Pensando en mi cita en Los Olvidos al día siguiente, decidí que me iría en bicicleta para hacer ejercicio y disfrutar el paisaje, por lo cual tendría que salir más temprano. Regresé a la casa, le dije buenas noches a mi mamá, a mi abuelo y a mi hermanita pequeña, y me dispuse a descansar.
Abrí la ventana de par en par, apagué la luz y me quedé pensando en los últimos días en Los Olvidos, en la tonada que no se terminaba de desvanecer, y en la joven del jardín que asociaba yo con la voz que se había escuchado sobresaliendo de la música en la saliente de la terraza.
Estaba yo seguro que ella me había visto antes que yo a ella; que ella sabía cosas de mí en tanto que yo no sabía nada de ella. Me frustraba que al verla por el jardín no se hubiera vuelto de manera que hubiera yo podido ver sus ojos; morirme de la pena pero leer sus ojos; leer sus pensamientos como yo estaba seguro que ella estaría leyendo los míos que solamente revoloteaban en torno suyo sin importar que estuviera yo hasta el otro extremo fuera de la bahía.
Sentirme descubierto de esa forma me inquietaba. ¿Cómo podía yo imaginar que alguien a quien no conocía y que tal vez ni existiera, leyera mi mente y en alguna forma hubiera sabido que yo por fin llegaría al portón de Los Olvidos sin razón aparente alguna?

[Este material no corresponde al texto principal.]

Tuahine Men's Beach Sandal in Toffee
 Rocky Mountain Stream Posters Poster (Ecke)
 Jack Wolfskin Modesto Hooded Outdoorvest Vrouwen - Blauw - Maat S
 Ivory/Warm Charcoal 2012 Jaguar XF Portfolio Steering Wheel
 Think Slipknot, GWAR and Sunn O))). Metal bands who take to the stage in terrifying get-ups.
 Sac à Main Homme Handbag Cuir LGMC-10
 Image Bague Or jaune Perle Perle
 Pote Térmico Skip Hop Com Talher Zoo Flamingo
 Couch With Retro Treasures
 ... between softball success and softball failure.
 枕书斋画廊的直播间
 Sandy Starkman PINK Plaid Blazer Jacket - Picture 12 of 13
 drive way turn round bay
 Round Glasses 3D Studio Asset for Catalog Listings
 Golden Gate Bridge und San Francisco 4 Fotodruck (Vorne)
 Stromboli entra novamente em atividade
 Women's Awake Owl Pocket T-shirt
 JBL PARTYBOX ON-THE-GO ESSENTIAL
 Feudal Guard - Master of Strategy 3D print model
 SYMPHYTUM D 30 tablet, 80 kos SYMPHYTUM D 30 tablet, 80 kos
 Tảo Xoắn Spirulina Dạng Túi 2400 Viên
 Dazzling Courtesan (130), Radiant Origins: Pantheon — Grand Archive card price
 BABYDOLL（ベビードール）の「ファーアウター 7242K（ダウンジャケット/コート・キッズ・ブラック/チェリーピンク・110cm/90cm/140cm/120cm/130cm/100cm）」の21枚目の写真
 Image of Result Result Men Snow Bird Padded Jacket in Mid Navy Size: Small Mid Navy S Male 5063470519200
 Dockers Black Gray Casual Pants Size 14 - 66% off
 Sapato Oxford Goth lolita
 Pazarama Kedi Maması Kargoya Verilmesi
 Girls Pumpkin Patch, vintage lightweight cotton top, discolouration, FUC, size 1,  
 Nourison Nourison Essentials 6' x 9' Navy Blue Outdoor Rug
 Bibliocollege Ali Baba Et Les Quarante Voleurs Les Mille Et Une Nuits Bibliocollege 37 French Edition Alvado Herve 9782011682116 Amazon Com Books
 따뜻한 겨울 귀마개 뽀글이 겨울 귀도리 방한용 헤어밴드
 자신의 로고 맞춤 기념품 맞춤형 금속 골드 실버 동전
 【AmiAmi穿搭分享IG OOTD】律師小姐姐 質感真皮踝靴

Esta idea “descabellada” implicaría que había yo ido a Los Olvidos porque alguien esperaba que fuera. Me dije a mi mismo que ahora sí se me había disparado la imaginación.
Nada de eso era real. Los Olvidos era una simple casa muy bonita, pero una casa vieja de ladrillos y tejas, con puertas y ventanas de madera que olían a cedro pero nada más… Intentaba yo convencerme de que debía yo ser práctico, realista, de no perder tan fácilmente la serenidad y menos por espejismos…
Me inquietaba haber cruzado una barrera invisible; haberme atrevido a aventurarme y cruzar el portón de esa casa que tantas y tantas veces me había transmitido su nostalgia mirándola desde el rumbo de La Quebrada. ¿Había yo ido por mi propia curiosidad o por otro motivo, acudiendo a un llamado?
El ambiente de mi habitación parecía impregnado con olor a cedro mezclado con gardenias; la cálida brisa se adentraba por la ventana sin mezclarse con el fresco del interior y sin vencerlo. No me había yo dormido pero tener los ojos abiertos no era insomnio. Podría haberlos tenido cerrados y de todas formas habrían pasado ante mí las imágenes de los últimos días.
Sentí caricias sobre mis sienes, caricias apenas perceptibles, caricias acompañadas de una sensación de consuelo, un consuelo que solamente alguien que conociera los primeros años de mi adolescencia podría darme. Durante las noches en el dormitorio de mi colegio militar en Virginia, permanecí muchas veces despierto mirando a las luciérnagas juguetear, pensando en regresar, en volver, en nunca haberme ido de mi casa.
Entonces sobre mis sienes había sentido las mismas caricias acompañadas de la misma sensación de consuelo de alguien que conocía mis sentimientos mejor que yo mismo; alguien que sabía que alguna vez tendría yo que volver aunque me quedara atrás en ese colegio. Esta noche en Acapulco tenía la misma sensación de aquellas noches en el internado; esa sensación de cercanía tanto tiempo después y tan lejos.